SMB9 – What does this have to do with education?

Posted by Gina Rosenthal in emc | Tagged , , , , , | 3 Comments

This morning I went to Boston Social Media Breakfast #9. EMC sponsored this edition of SMB Boston, and Jaime Pappas (one of EMC’s Social Media Managers) was one of the featured speakers. She did a great job talking about EMC’s overall strategy. What I’d like to do is talk about the revelations I had from attending the meeting, and try to talk a little about Social Media and Education.

One person I talked to was Dan Schawbel. He looked exhausted. He’s just finished a book, he is working on his magazine, and oh yeah he works for EMC. I was feeling matronly and told him he has to slow down, take time for himself, and find time to just be still.
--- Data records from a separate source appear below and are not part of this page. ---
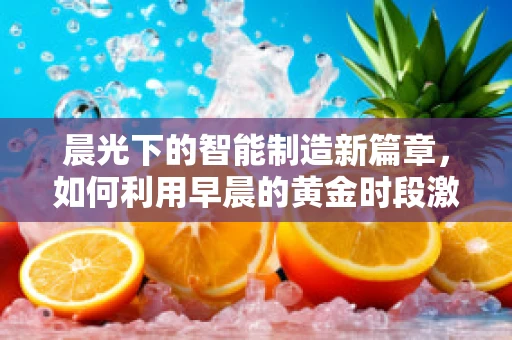 晨光下的智能制造新篇章，如何利用早晨的黄金时段激发生产效率？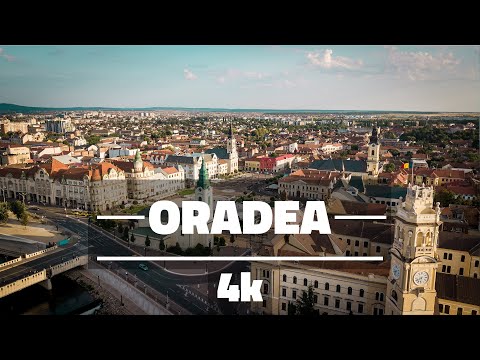 Oradea, România - 2021 Drona 4k
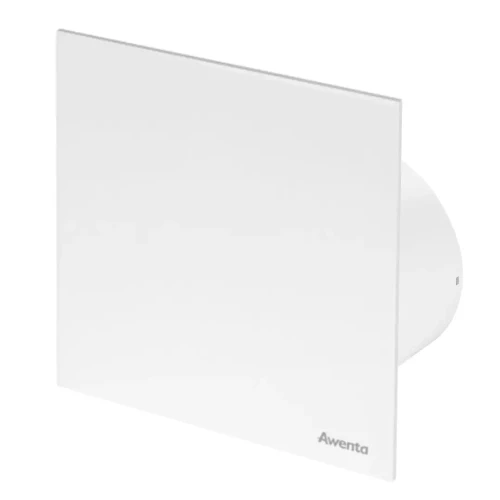 Przejdź do produktu Cichy wentylator łazienkowy - z wyłącznikiem czasowym - Silent KWS T - z panelem Trax PTB - biały 
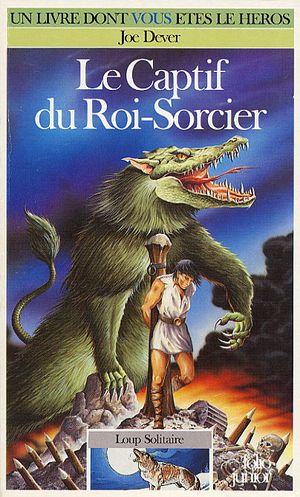 Le Captif du roi-sorcier - Loup solitaire, tome 14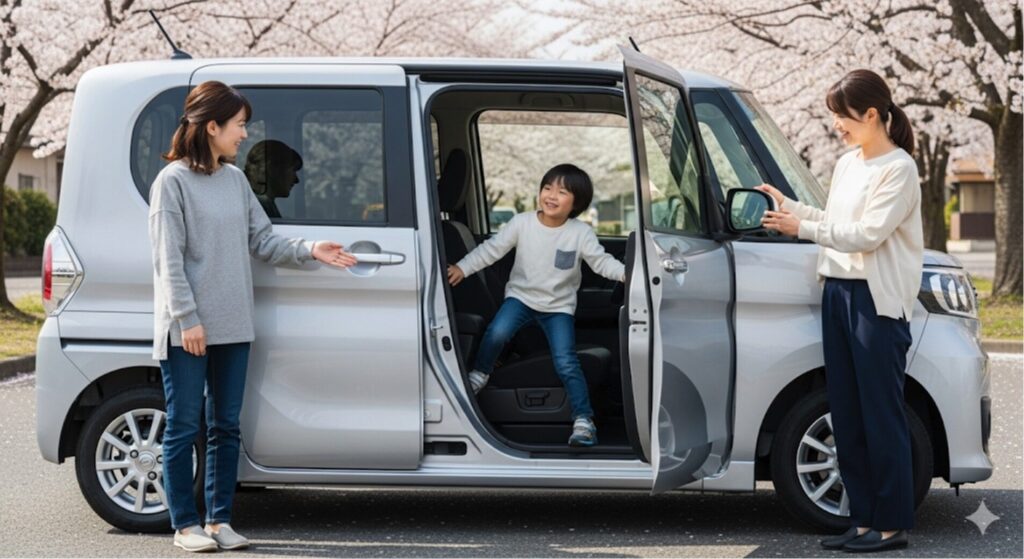 購入前に知るタントL375Sの前期・後期の違い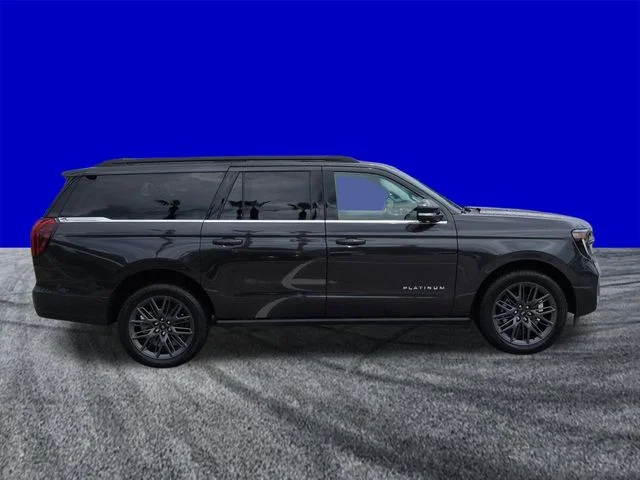 New 2027 Dark Matter Gray Metallic Ford MAX Platinum image 3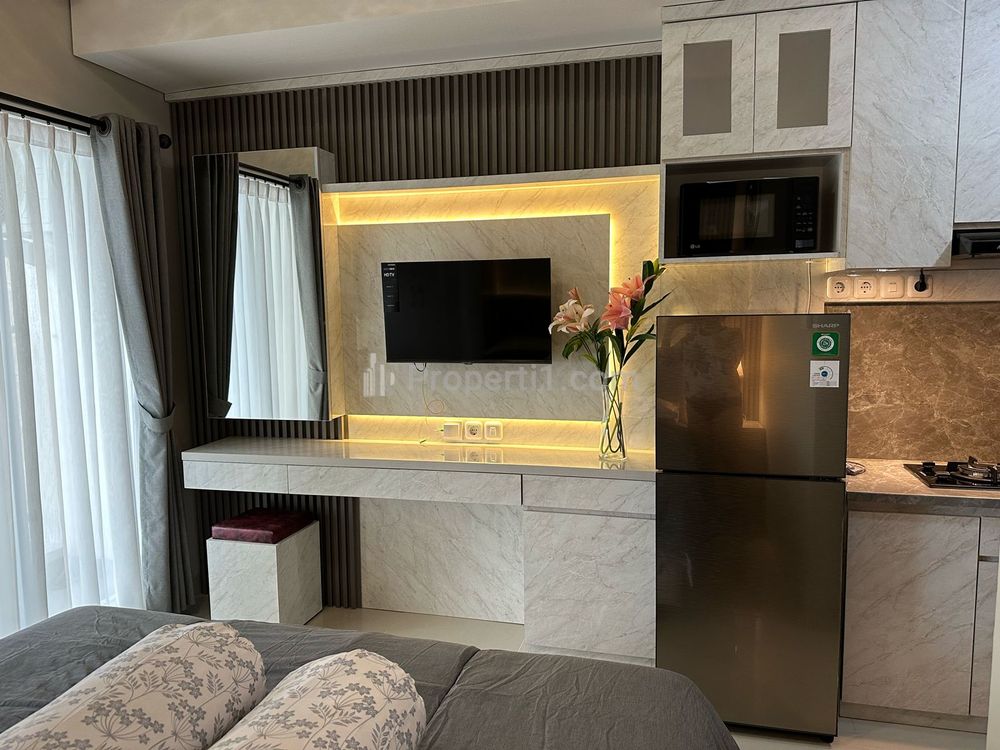 Sewa Apartemen Royal Sentul Park Studio Full Furnished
He asked me, “is that what you do?” Unfortunately, my daughter was with me, and she immediately began snickering.  Dan turned to her and said I love it when people give you advice they don’t take. Know what? He’s right! Grad school has totally messed up my balance. I am not sure how I am going to do it, but I am going to make time to get my quiet time. Then I can harass Dan again with a clean conscience.

I also met Alicia Staley in person (aka @stales). She told me more about her Foundation, and I have to say I am so in awe of her. She is doing my dream! She’s working full-time, and working to build an organization that serves a cause she is passionate about. I hope I can be like her one day!!!

In addition to Jaime, David Alston from Raidian6 and Peter Kim spoke.

David talked about listening to the conversations that are going on “out there” in the WWW. He spoke about thinking about how a company would react if someone was in the front lobby shouting “Y’all Suck!!!” How fast would someone from PR be down there to see what was up? Well, people do that online, why aren’t companies engaging them?

Can that transfer to education? Maybe – do we have customers at smaller sites that don’t have the luxury of interacting with a huge IT team? Do they want to interact with people going through the same issues they have?

Peter Kim spoke about the importance of making Social Media about business. This is so important for my organization. Our training works because we tie it back to what the business needs. My senior management will not even consider talking about social media if it is not tied back to the business. We’ve stopped calling it “social media”, instead we call it “enterprise collaboration”. It’s the same thing, just a different term. The collaboration idea has lots of educational research and theory behind it; social media carries a negative connotation.

Social media enables some of the things educators have wanted to do for a long time: foster informal learning, make a way for the learner to create their own meanings to formal instruction. The challenge in a corporate environment becomes tying this back to the business.

My organization has some exciting things in the works. So watch this space, as soon as I’m able to report back on what we’re up to I’ll post it here first! OK, maybe 2nd, after I post it to EMC ONE – our internal social media site!

3 Responses to SMB9 – What does this have to do with education?

  1. MadCat says:

    If someone was in the lobby yelling “Y’all suck,” the 1st person on the scene would be security, not a PR person. The same perception is widely held that this would be the same reaction if a similar opinion would be voiced inside the corporation as well.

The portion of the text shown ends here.